▶ _What you should do_
Take the lines below from the one with "lot 500 image: Lot" through the one with "Desalojos de viviendas" and retype them exactly. Include nothing else, and no pictures.

(Short descriptive text snippets)
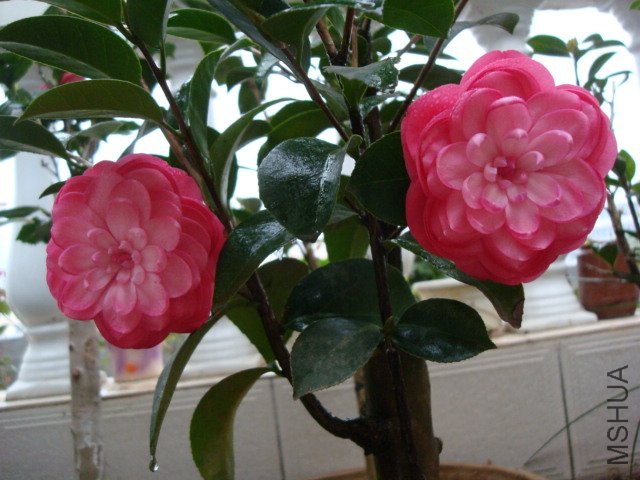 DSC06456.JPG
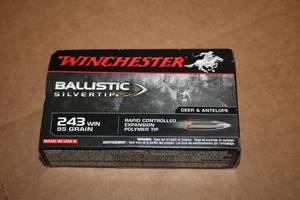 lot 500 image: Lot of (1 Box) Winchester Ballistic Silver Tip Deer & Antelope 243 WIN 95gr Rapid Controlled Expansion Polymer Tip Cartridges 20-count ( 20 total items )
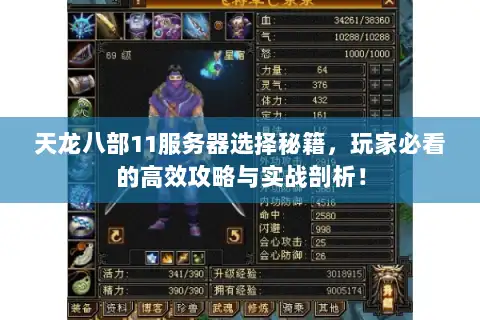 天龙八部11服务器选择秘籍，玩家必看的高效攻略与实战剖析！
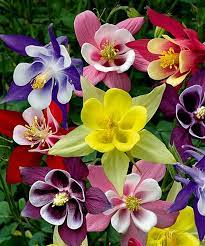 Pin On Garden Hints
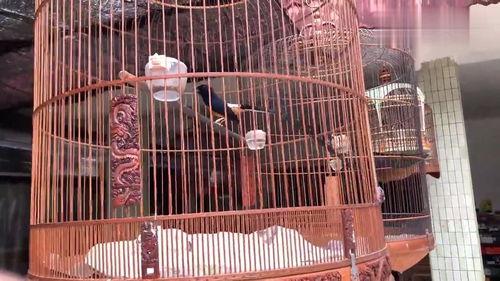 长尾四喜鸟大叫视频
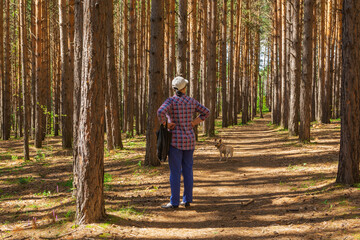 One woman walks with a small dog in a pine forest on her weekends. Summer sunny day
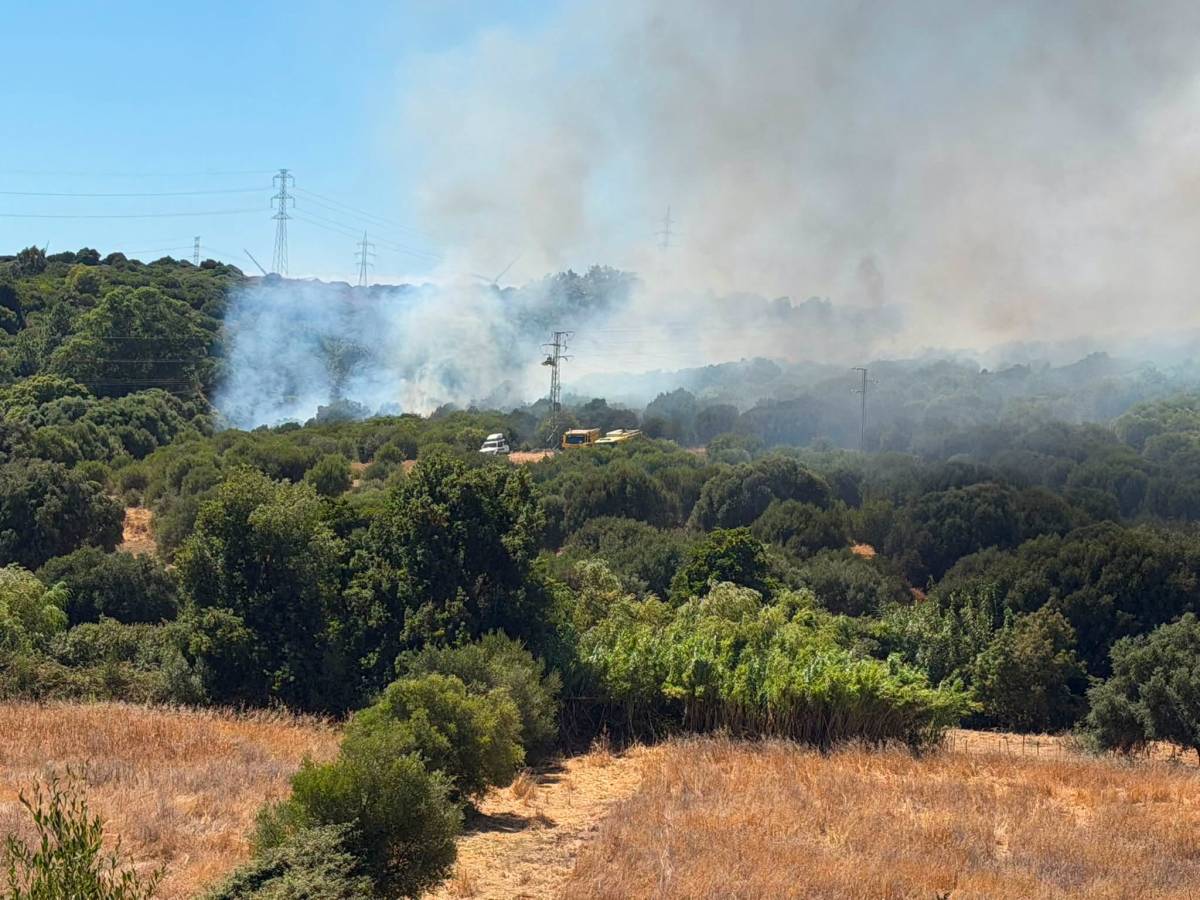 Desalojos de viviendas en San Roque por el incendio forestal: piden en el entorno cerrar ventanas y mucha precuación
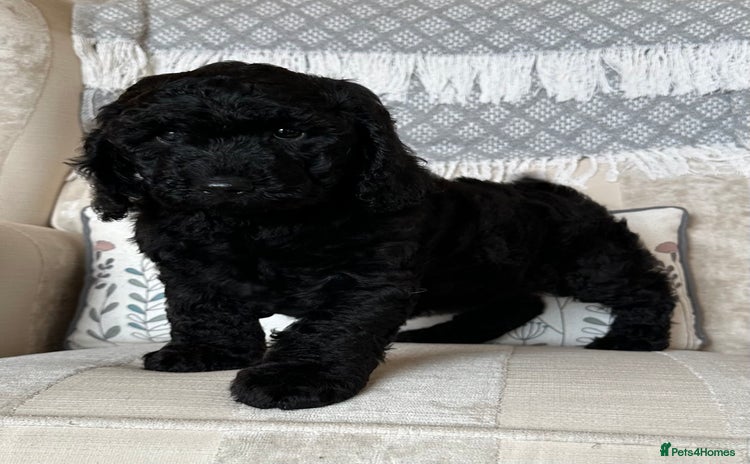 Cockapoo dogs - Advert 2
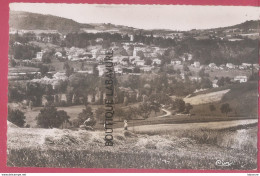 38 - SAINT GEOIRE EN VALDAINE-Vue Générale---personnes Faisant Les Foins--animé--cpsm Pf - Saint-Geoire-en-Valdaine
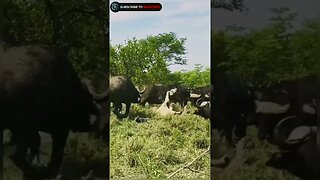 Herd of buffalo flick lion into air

--

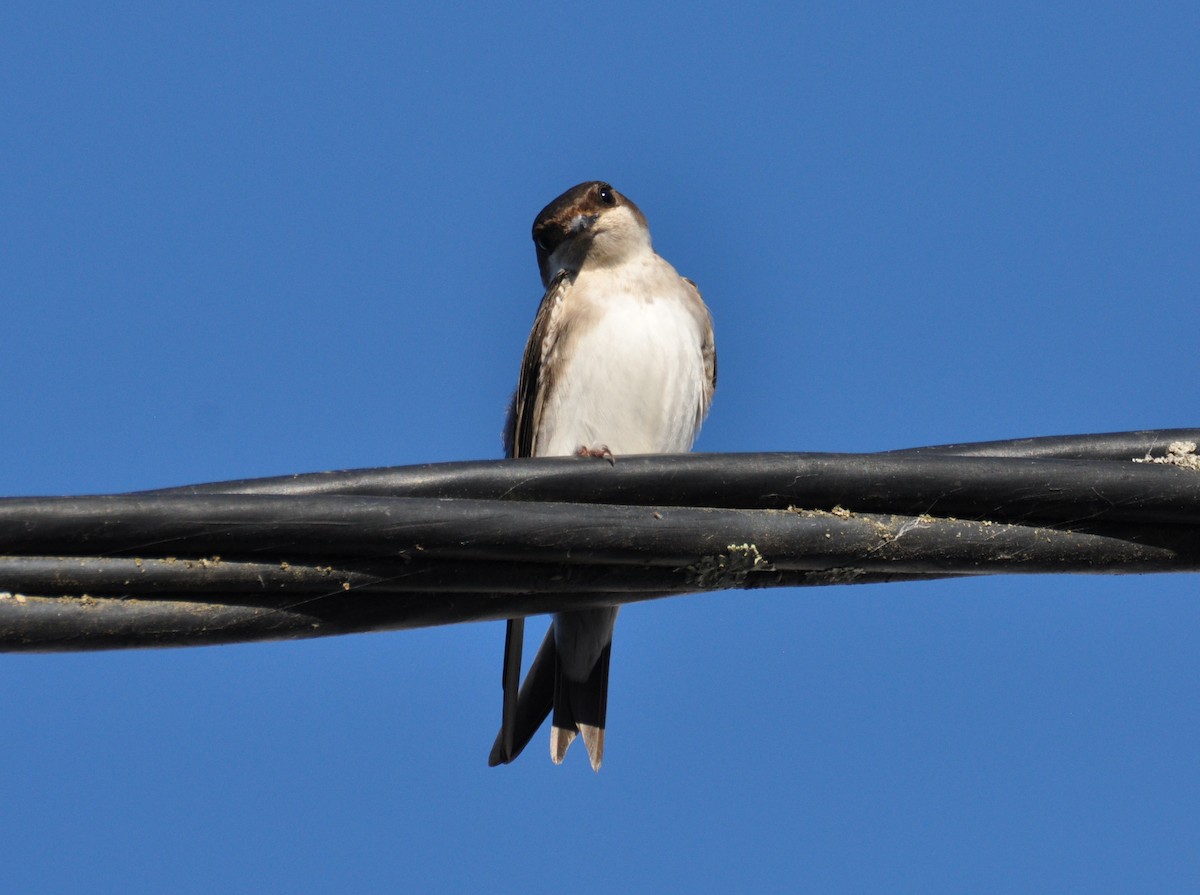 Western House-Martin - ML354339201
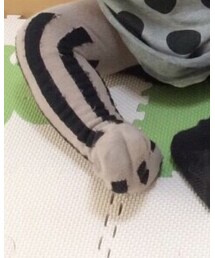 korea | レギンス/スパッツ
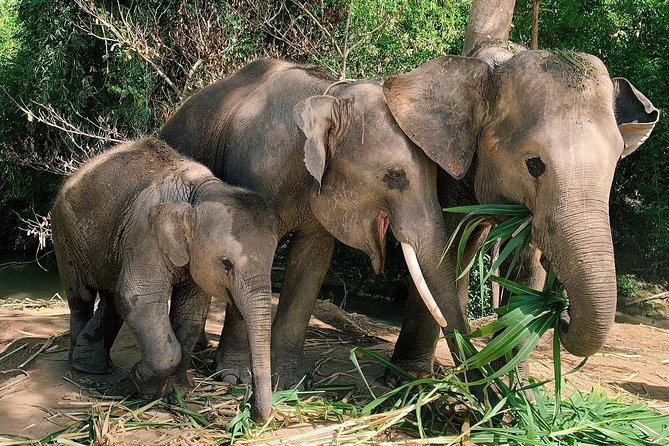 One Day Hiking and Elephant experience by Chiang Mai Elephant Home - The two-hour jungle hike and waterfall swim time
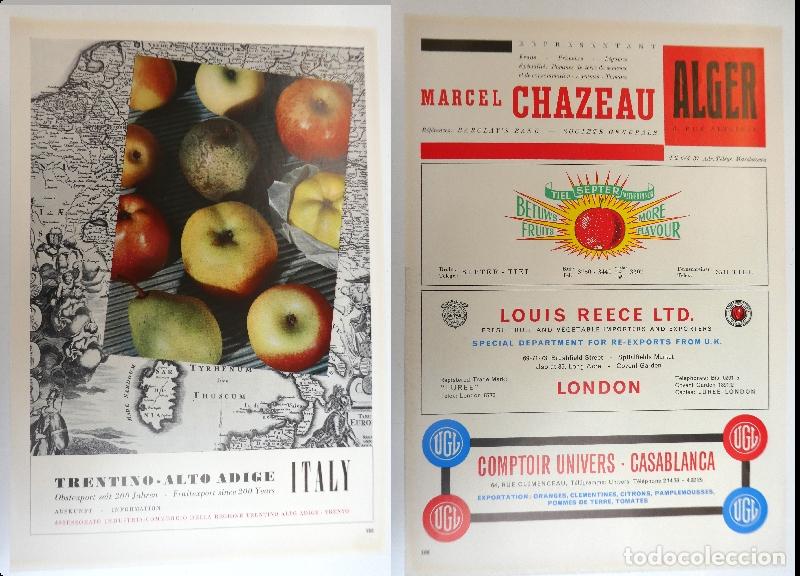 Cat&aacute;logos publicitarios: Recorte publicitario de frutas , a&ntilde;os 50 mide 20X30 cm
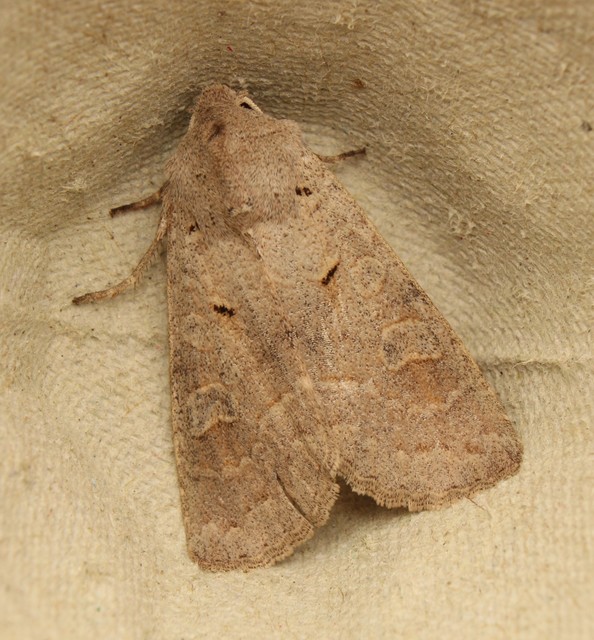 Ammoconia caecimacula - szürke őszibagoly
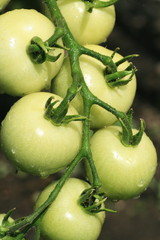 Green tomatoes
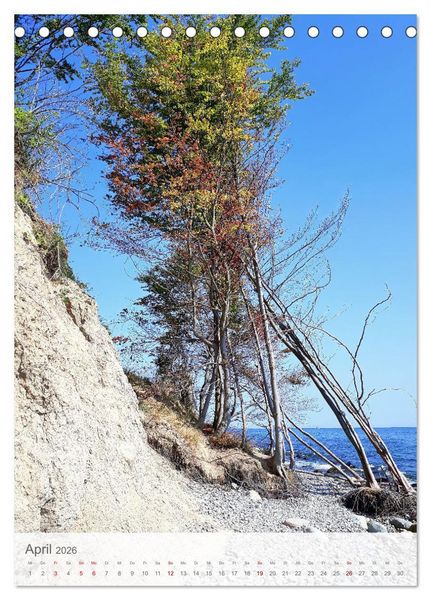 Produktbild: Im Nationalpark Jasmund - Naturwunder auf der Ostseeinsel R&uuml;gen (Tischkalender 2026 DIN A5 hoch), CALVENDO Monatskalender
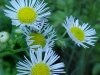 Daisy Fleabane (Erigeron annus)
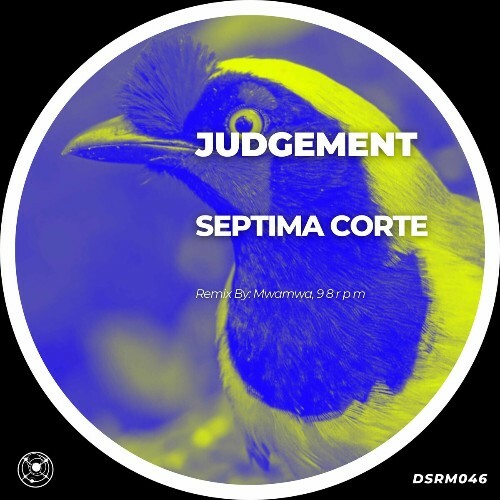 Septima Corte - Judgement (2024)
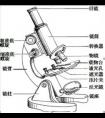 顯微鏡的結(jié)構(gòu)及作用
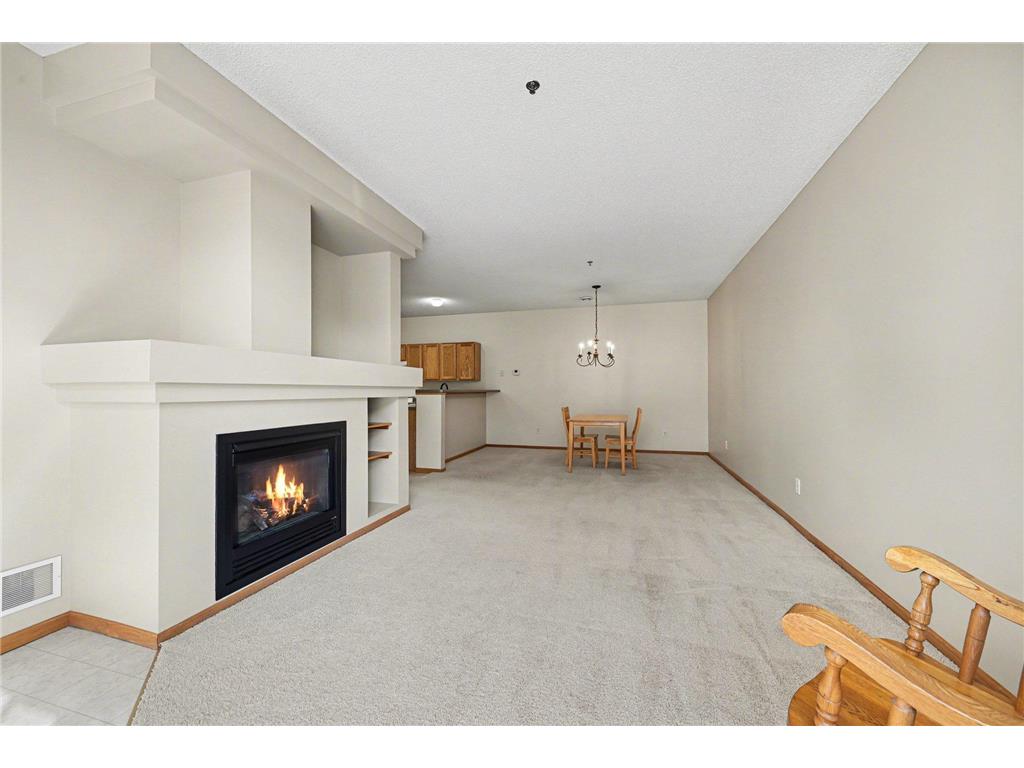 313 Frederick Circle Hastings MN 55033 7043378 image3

▶ _Solution for this exercise_
 lot 500 image: Lot of (1 Box) Winchester Ballistic Silver Tip Deer & Antelope 243 WIN 95gr Rapid Controlled Expansion Polymer Tip Cartridges 20-count ( 20 total items )
 天龙八部11服务器选择秘籍，玩家必看的高效攻略与实战剖析！
 Pin On Garden Hints
 长尾四喜鸟大叫视频
 One woman walks with a small dog in a pine forest on her weekends. Summer sunny day
 Desalojos de viviendas en San Roque por el incendio forestal: piden en el entorno cerrar ventanas y mucha precuación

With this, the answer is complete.